Jesus' response of woman however, is more like saying, “Ma'am or Ms, but still no one, not even back then called their mother Ma'am and his follow up statement is the same thing that demons reply to Jesus, “What have you to do with us, Jesus of Nazareth.” Clearly, there is something combative going on here between Jesus and his mother. However, Jesus' response must be coupled with his second thought, “My hour has not yet come.” The phrase my hour in John's Gospel relates directly to mission of the cross where his Glory and God's glory will be fully revealed when it culminates in his resurrection and so that time has not yet come, we are only in the 2nd chapter on the third day, yet you ask me for a foretaste of that, for what reason?
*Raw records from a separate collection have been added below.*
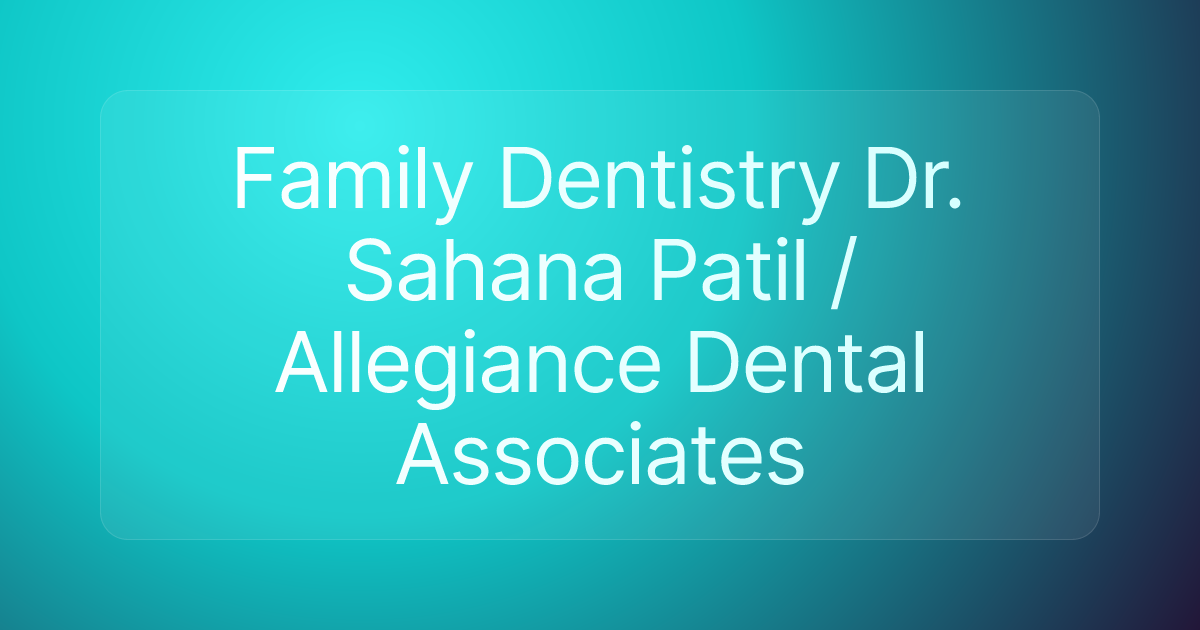 Family Dentistry Dr. Sahana Patil / Allegiance Dental Associates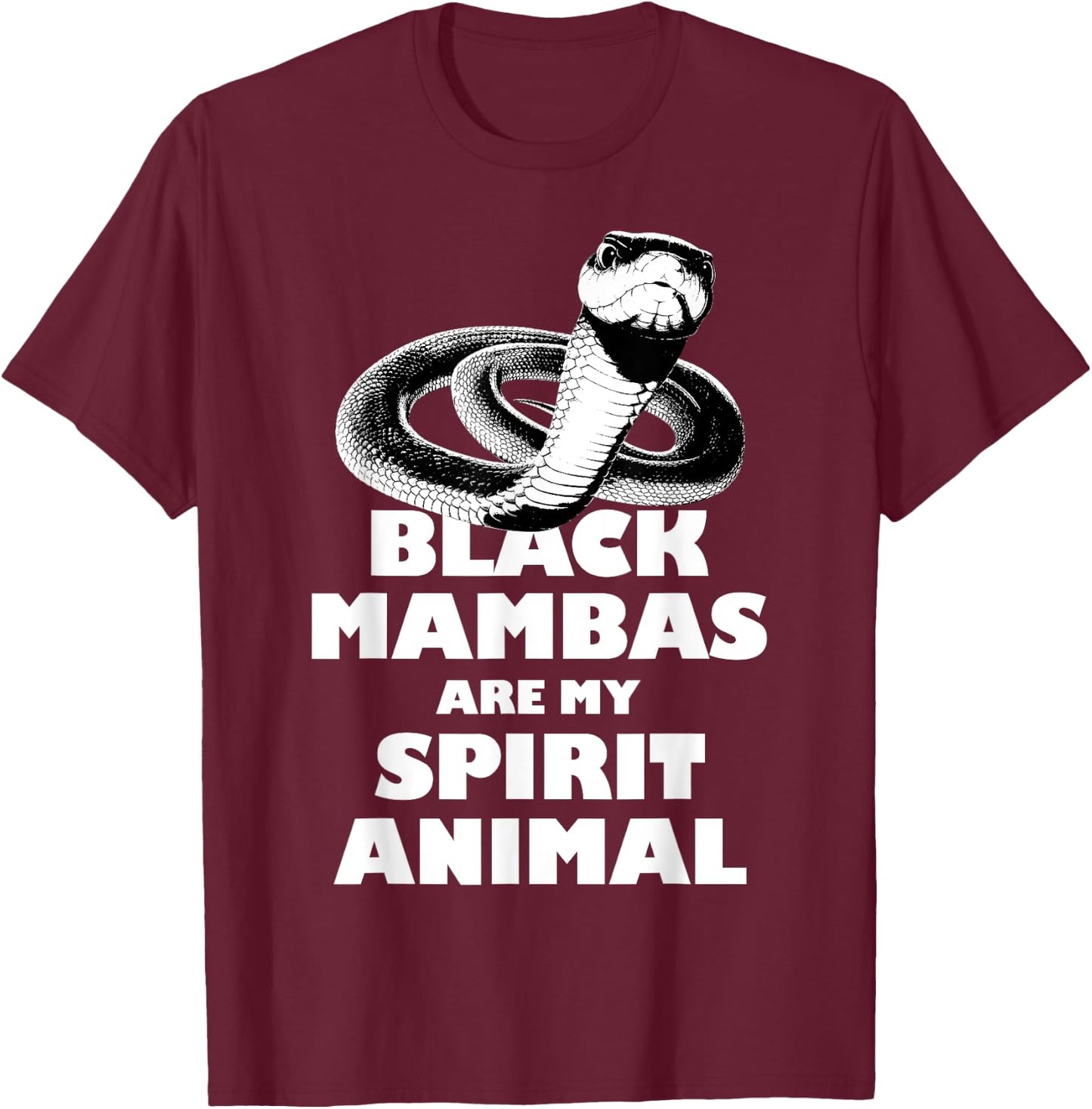 Black Mambas Are My Spirit Animal Scary Snake T-Shirt - T-Shirt | Maroon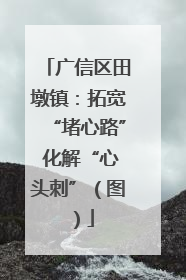 广信区田墩镇：拓宽“堵心路” 化解“心头刺”（图）
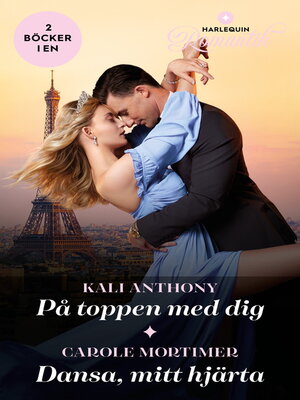 cover image of På toppen med dig / Dansa, mitt hjärta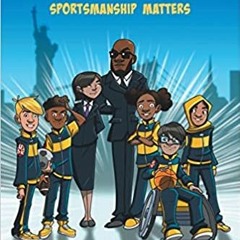 [Download (PDF) United Sports Kids: Sportsmanship Matters (123 United) Online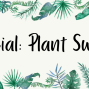Social: Plant Swap
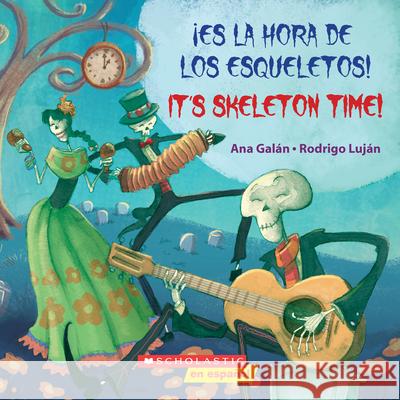 ¡Es La Hora de Los Esqueletos! / It's Skeleton Time! (Bilingual) Galán, Ana 9781338187854 Scholastic en Espanol - książka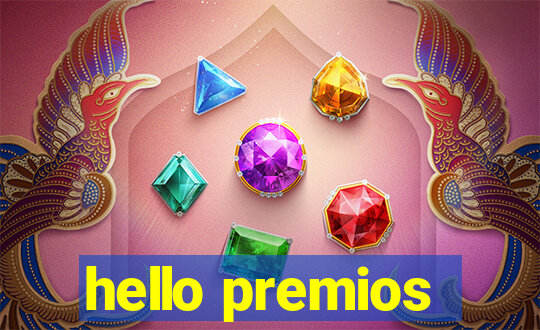 hello premios
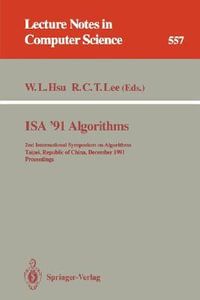 ISA '91 Algorithms : 2nd International Symposium on Algorithms, Taipei, Republic of China, December 16-18, 1991. Proceedings - Wen-Lian Hsu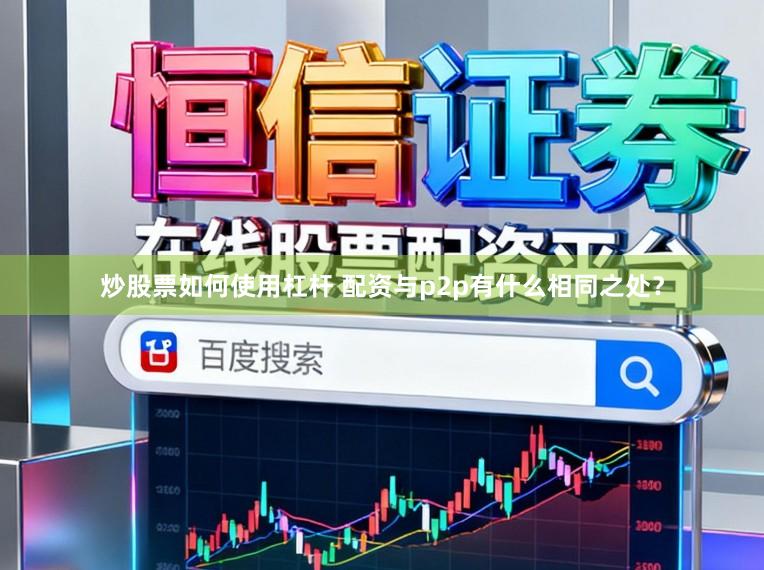 炒股票如何使用杠杆 配资与p2p有什么相同之处？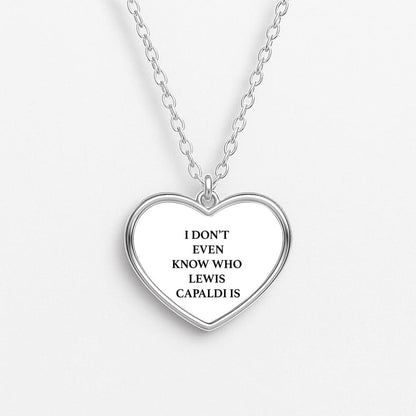 I Don't Even Know Heart Necklace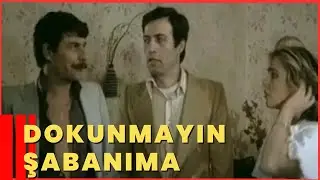 Dokunmayın Şabanıma | Kemal Sunal Türk Komedi Filmi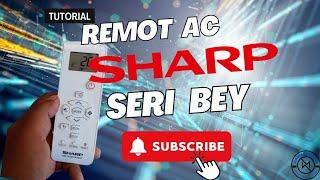 TUTORIAL REMOT AC SHARP SERI BEY  GARUDA SERIES - TUTORIAL REMOT AC SHARP SERI BEY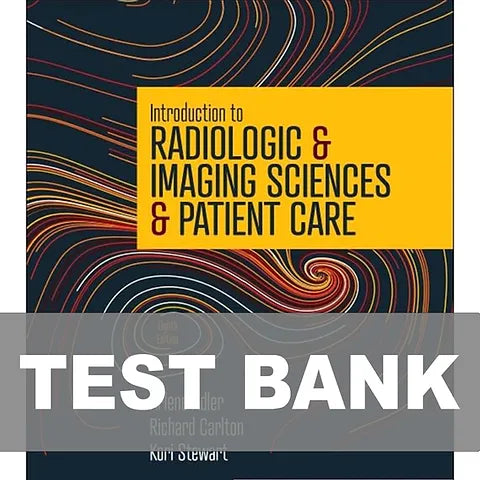 Test Bank for Introduction to Radiologic and Imaging Sciences and Patient Care 8th Edition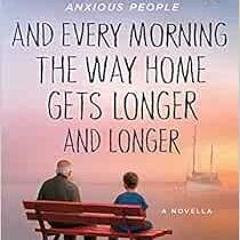 [READ] EPUB 📑 And Every Morning the Way Home Gets Longer and Longer: A Novella by Fr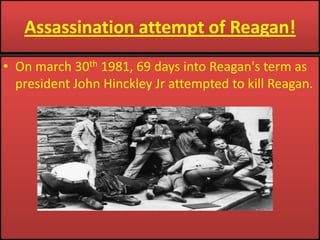 Assassination attempt of Reagan!On march 30th 1981, 69 days into Reagan's term as president John Hinckley Jr attempted to kill Reagan.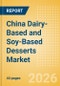 China Dairy-Based and Soy-Based Desserts Market Size, Growth and Forecast Analytics, 2024-2029 - Product Thumbnail Image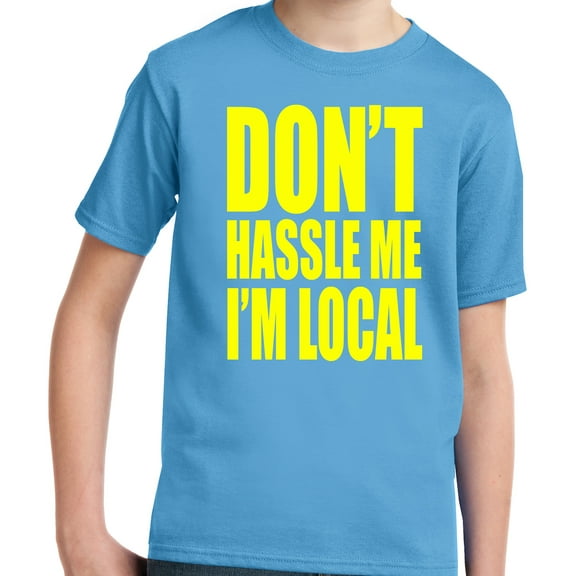 Big and Tall Don't Hassle Me I'm Local Youth Sizes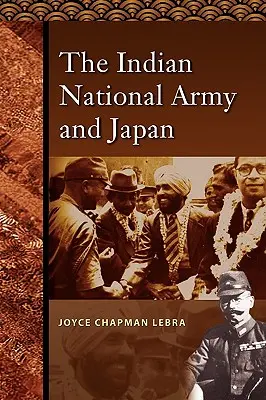 Indická národná armáda a Japonsko - The Indian National Army and Japan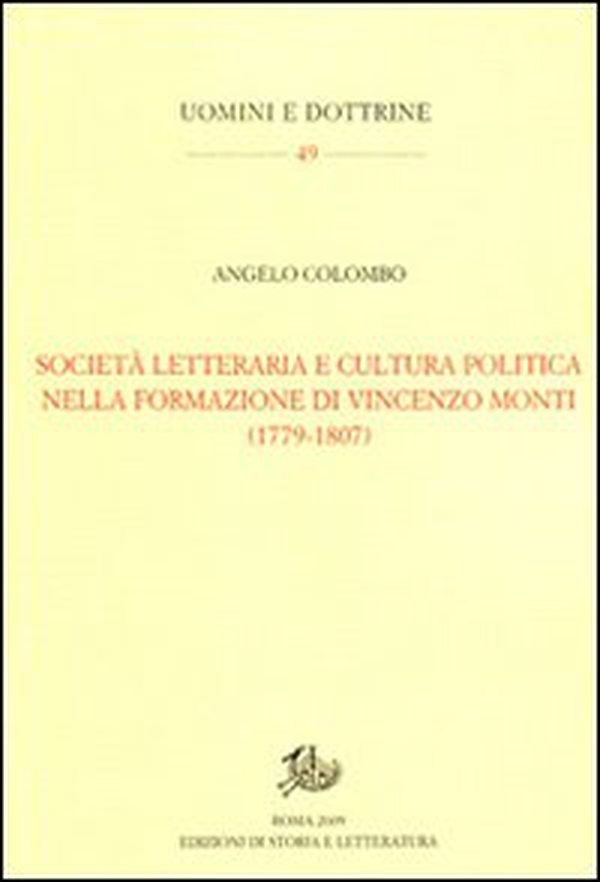 Società letteraria e cultura politica nella formazione di Vincenzo Monti (1779-1807) - Librerie.coop Società letteraria e cultura politica nella formazione di Vincenzo Monti (1779-1807) - Librerie.coop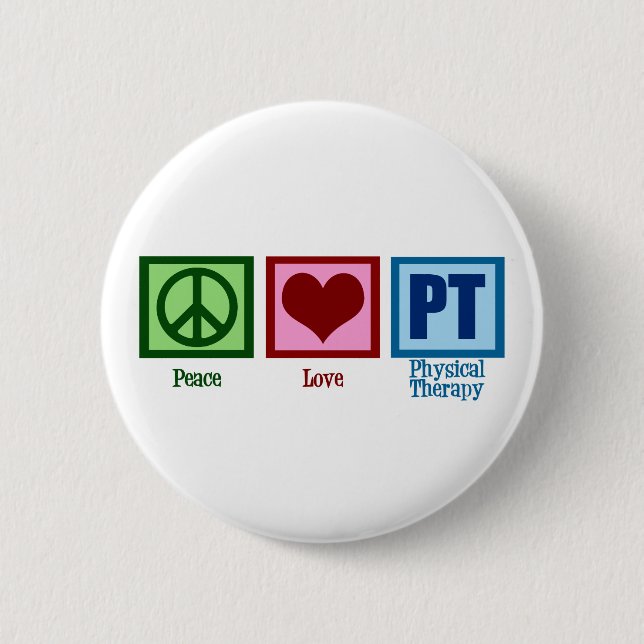 Peace Love Physical Therapist 2 Inch Round Button (Front)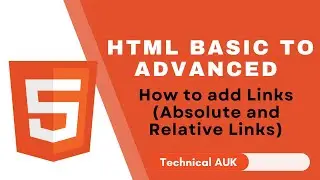 HTML Basic to Advanced &ndash; How to add Links (Absolute and Relative Links)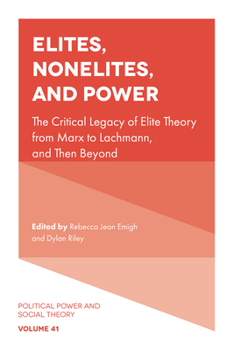 Elites, Nonelites, and Power: The Critical Legacy of Elite Theory from Marx to Lachmann, and Then Beyond (Political Power and Social Theory, 41)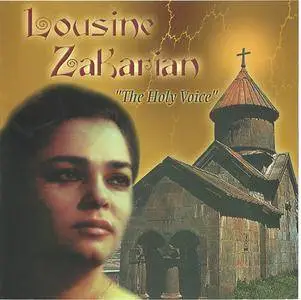 Лусине Закарян / Lusine Zakarian / Zakaryan - The Holy Voice of Armenia (Remastered) - 2015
However, the text shows the great example of faith, “His mother said to the servants, “Do whatever he tells you.” She knew the character of her son and she knew that he somehow had the ability to deal with this situation, despite his apparent apprehension at first. So the text continues, “Now there were six stone water jars there for the Jewish rites of purification, each holding twenty or thirty gallons. Jesus said to the servants, "Fill the jars with water." And they filled them up to the brim. And he said to them, "Now draw some out and take it to the master of the feast." So they took it. When the master of the feast tasted the water now become wine, and did not know where it came from (though the servants who had drawn the water knew)...”
Certain Jews at the time of Jesus, believed in washing and cleansing rituals and they were probably there to aid in that process. Their size is enormous, if we take the pots being 25 gallons each then we have 150 gallons of water, that will become wine. If you want to know how much wine that is, it is 567.8 L or approximately 757 750mL bottles of wine, and not just any wine but the best wine. This means that a wedding that had most likely been going on for several days, lets' say 3 days, and the longest they would last is one week we shall say that there were 3 days left of partying, if they are breaking for the Sabbath. Therefore, Jesus produced if it was an average wedding of 100 people about 7.5 bottles of wine per person or 2.5 bottles of wine per person per day. That is the equivalent, given a 6 fl oz wine glass, of almost 11 glasses of wine per person per day, for the next three days. Jesus said, “Welcome to the Party!” It wasn't like a frat house party where the question is, “Who brought the keg, but this was who brought the beer truck!” It was a super abundance of wine, an over indulgence of wine.
Now some might protest, why would Jesus produce that much alcohol, or possibly he wouldn't have produced alcohol. The issue in the scripture isn't drinking it is drunkenness but at this party, Jesus gives the possibility for over indulgence, and it is up to us to decide what we will do with that, he is not going to violate our free will.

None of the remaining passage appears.